Ein Jude, der die NSDAP finanziert. Ein Nazi-Propagandist, der behauptet, jüdische Witze seien für Arier unverständlich und der sie doch im Kampf gegen das Judentum einsetzen will. In seinem Buch „Vom jüdischen Witz zum Judenwitz“ analysiert Louis Kaplan die Ironien und Paradoxien der Geschichte des jüdischen Witzes und des Judenwitzes.
Von Tobias Lehmkuhl
Die Vermutung, dass sich der jüdische Witz von dem anderer Völker unterscheidet, ist nicht neu. Bereits 1810 gab Solomon Ascher ein Buch namens Der Judenfreund oder Auserlesene Anekdoten, Schwänke und Einfälle von den Kindern Israels heraus. Ein jüdisches Witzbuch aus napoleonischer Zeit also. Und wenn es Louis Kaplan, Professor für Geschichte und Theorie der Fotografie und Neuen Medien an der Universität Toronto, in seiner Studie über den jüdischen Witz konsequent vermeidet, aus seinem Gegenstand humoristisch Kapital zu schlagen, wollen wir doch eingangs ein Beispiel für ebendiesen Gegenstand anführen:
„Zwei polnische Juden verließen ihr Heimatdorf, um ihr Glück im Westen zu suchen. In Berlin angekommen, sagte der eine, er sei weit genug gefahren, doch der andere wollte weiter nach Paris. Da ihm dazu die Mittel fehlten, flehte er seinen Freund an, ihm hundert Mark zu leihen, und versprach, er würde sie mit Zinseszins zurückzahlen, sobald er sein erstes Geld verdiente. Es erübrigt sich zu sagen, dass er das Geld nicht zurücksandte, auch nicht ohne Zinsen.
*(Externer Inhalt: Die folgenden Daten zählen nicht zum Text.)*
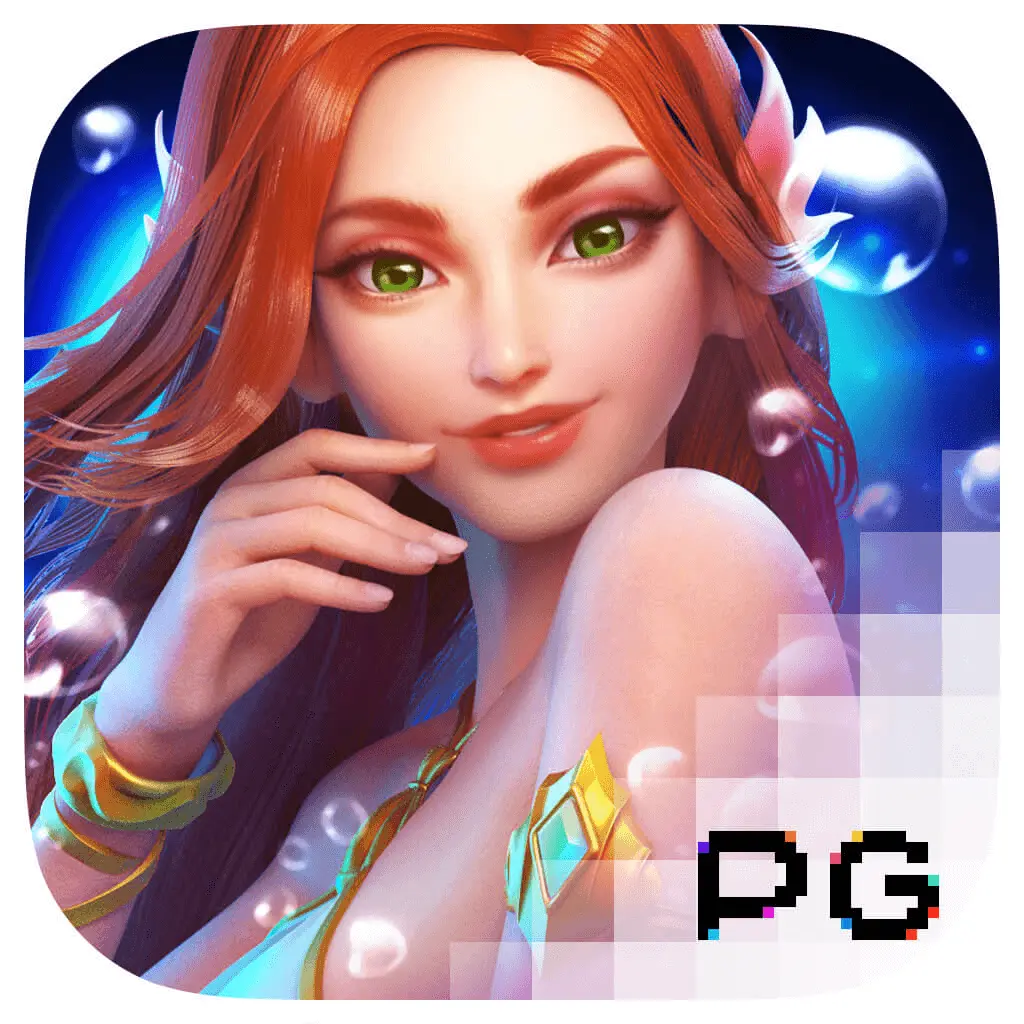 PGSoft : Mermaid Riches - TROPICANA77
Zehn Jahre später wurde der, der in Berlin geblieben war, von seinem Dienstherrn nach Paris geschickt und staunte nicht schlecht, als er hörte, dass sein alter Freund ein sehr erfolgreicher Börsenmakler geworden war. Er ging also zu ihm und sagte: ‚Hör mal, Itzik, ich bin immer noch ein armer Mann, und du sollst sehr reich sein. Warum hast du mir meine hundert Mark nie zurückbezahlt?‘ ‚Quoi?‘ entrüstete sich der andere plötzlich auf Französisch. ‚Dir zurückzahlen? Erst müsst ihr Deutschen uns Alsace-Lorraine zurückgeben!‘“
Witze kamen freilich nicht erst 1810 ins Buch. Eines der Gründungsdokumente der europäischen Literatur ist das vor Witz geradezu platzende Werk des François Rabelais, Gargantua und Pantagruel. Diesem fünfbändigen Roman des frühen 16. Jahrhunderts widmete Michail Bachtin seine 1940 entstandene epochale Studie Rabelais und seine Welt. Volkskultur als Gegenkultur. Sie ist neben Sigmund Freuds Abhandlung Der Witz und seine Beziehung zum Unbewussten die bedeutendste Arbeit über Funktionen und Ausformungen menschlicher Komik. Im Untertitel von Bachtins Studie, Volkskultur als Gegenkultur, klingt schon das subversive Element des Witzes an.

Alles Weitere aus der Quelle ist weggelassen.